Category theory tries to say that "If we can't look inside the object, can we do 'something' about it?" . and do 'something' here basically means composibility.

Through composibility we can build more complex structures with confidence without having to dig into the implementation of the object in order to understand how to compose it with other objects. An object in category theory is an abstract nebulous entity. All you can ever know about it is how it relates to other object — how it connects with them using arrows. And I think this is the beauty and strength of what Category theory want to achieve.

But let's not misunderstand only functional programming language such as Haskell is able to do so, object-oriented language such as Java can do so too, but in a rather verbose and not so "easy way". Haskell is more natural as it is build on the foundation of Category theory.

Basic concepts of Category theory

Category theory is a theory of processes in the most general meaning of the word. Indeed, what do all processes have in common ? Answer : they can be composed and the composition is associative. So, a category is just a bunch of objects A,B,C ... and some processes f,g,h ... I'll note a process f applied to A to get B with an Haskell syntax:

f :: A -> B

The main point is that a category can always be composed.

f :: A -> B
g :: B -> C

then there exist a direct arrow from A to C that is their composition.

h :: A -> C

The processes and objects are a category if they can be composed and the composition is associative which means:

f :: A -> B
g :: B -> C
h :: C -> D


(h . g) . f = h . (g . f)

And we need a last axiom : each object must be provided with a "do nothing process" called the identity :

 id :: A -> A
 id x = x

Example of composibility

In C It would be: We have one function f that takes an argument of type A and returns a value of type B:

B f(A a);
C g(B b);

Their composition is:

C g_after_f(A a)
    return g(f(a));

And in Haskell it would be

f :: A -> B


g :: B -> C

Their composition is:

g . f

much simpler than C.

Types are Set

The notions that types is Set is very useful. The type Bool (remember, concrete types start with a capital letter in Haskell) is a two-element set of True and False. Type Char is a set of all Unicode characters like 'a' or 'ą'. When we declare x to be an Integer:

x :: Integer

we are saying that it’s an element of the set of integers. Integer in Haskell is an infinite set, and it can be used to do arbitrary precision arithmetic. There is also a finite-set Int that corresponds to machine type, just like the C++ int.

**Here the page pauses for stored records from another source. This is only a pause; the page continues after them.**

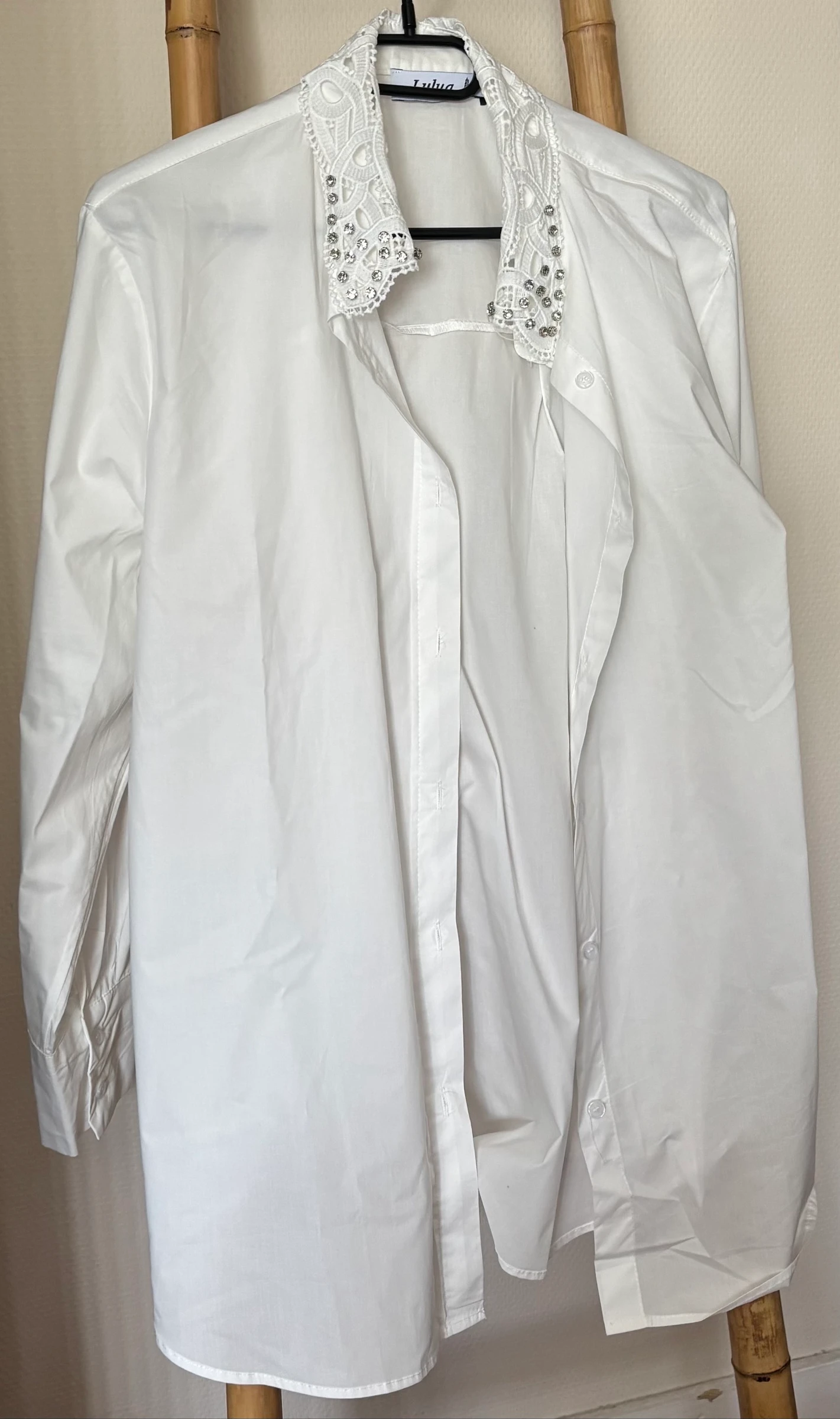 🌸 Elegant white shirt - one size – photo 2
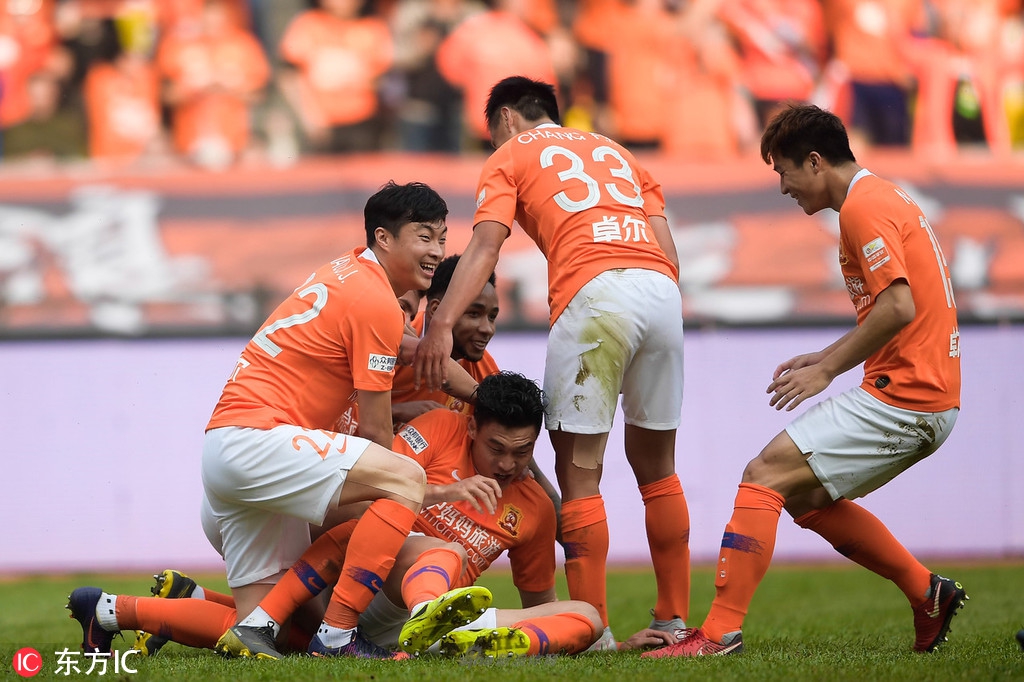 卓尔由韩鹏飞进球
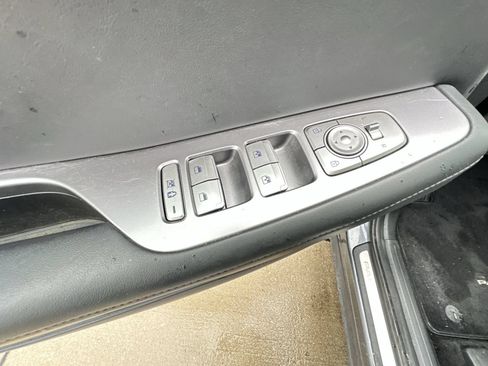 Used 2024 Hyundai Palisade Limited AWD/4WD image 23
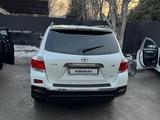Toyota Highlander 2013 года за 15 800 000 тг. в Алматы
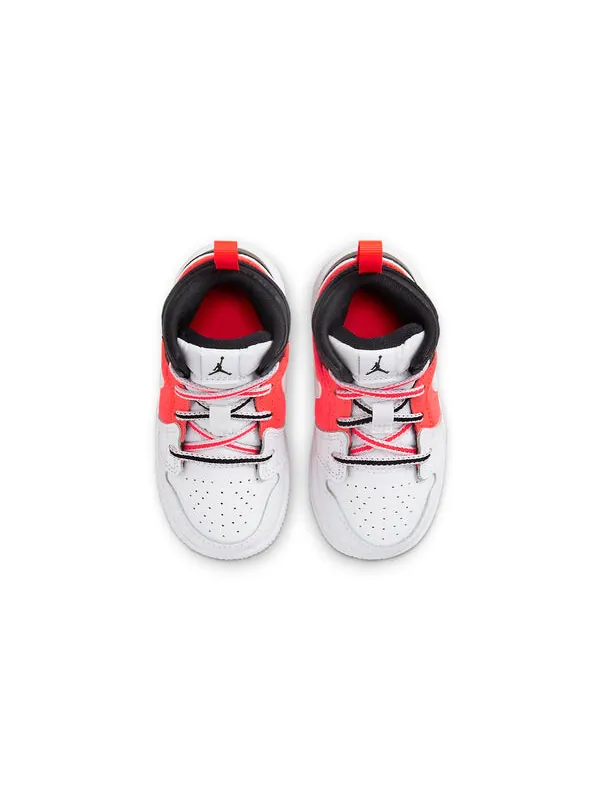 Кроссовки 1 средний размер Air Jordan — изображение 4 из 4, черный//белый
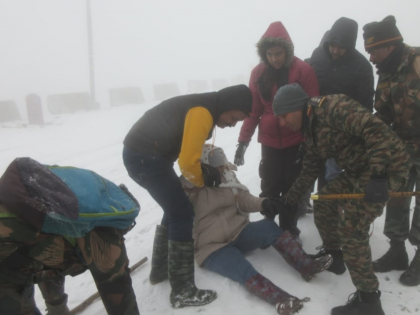 Indian Army Rescues Over 500 Stranded Tourists From Sikkim's Nathula Amidst Heavy Snowfall (Watch Video) | Indian Army Rescues Over 500 Stranded Tourists From Sikkim's Nathula Amidst Heavy Snowfall (Watch Video)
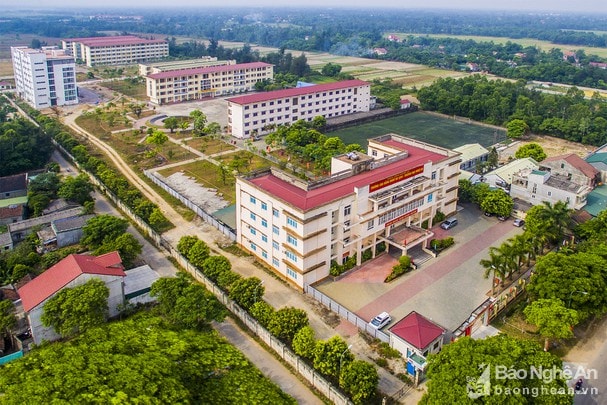 Trường cao đẳng du lịch và thương mại cơ sở 2 ở thị xã Cửa Lò. Ảnh: PV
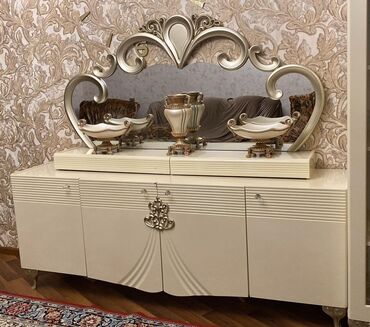 контакт хом мебель: Klassik üslubda böyük bufet-konsol və dekorativ güzgü dəsti. - Rəng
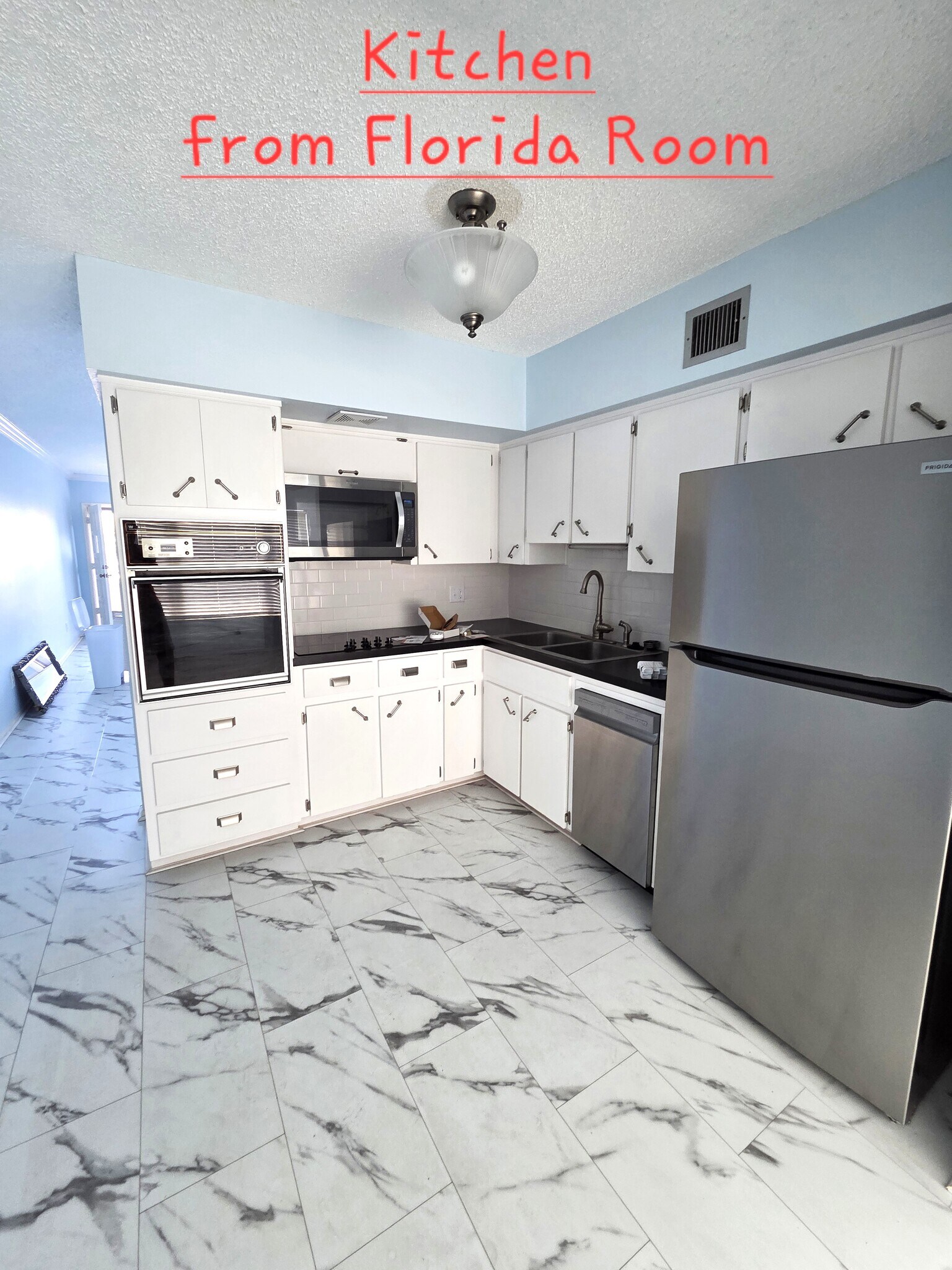 Building Photo - 2311 Brisbane St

The great thing is that there is a category of sets, which is called Set, and we’ll just work with it. In Set, objects are sets and morphisms (arrows) are functions.

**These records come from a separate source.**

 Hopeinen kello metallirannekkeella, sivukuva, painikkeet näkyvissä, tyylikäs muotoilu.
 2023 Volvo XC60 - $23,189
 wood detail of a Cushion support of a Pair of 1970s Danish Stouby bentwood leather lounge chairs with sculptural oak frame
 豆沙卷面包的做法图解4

Set is a very special category, because we can actually peek inside its objects and get a lot of intuitions from doing that. For instance, we know that an empty set has no elements. We know that there are special one-element sets. We know that functions map elements of one set to elements of another set. They can map two elements to one, but not one element to two. We know that an identity function maps each element of a set to itself, and so on. The plan is to gradually forget all this information and instead express all those notions in purely categorical terms, that is in terms of objects and arrows.

Category theory is about composing arrows. But not any two arrows can be composed. The target object of one arrow must be the same as the source source object of the next arrow. In programming we pass the results on one function to another. The program will not work if the target function is not able to correctly interpret the data produced by the source function. The two ends must fit for the composition to work. The stronger the type system of the language, the better this match can be described and mechanically verified.


The intuition we can get from the connection between Category theory and Haskell is understanding Category by its object (not what in the object), its arrow and the composibility made more clear and easier to implement.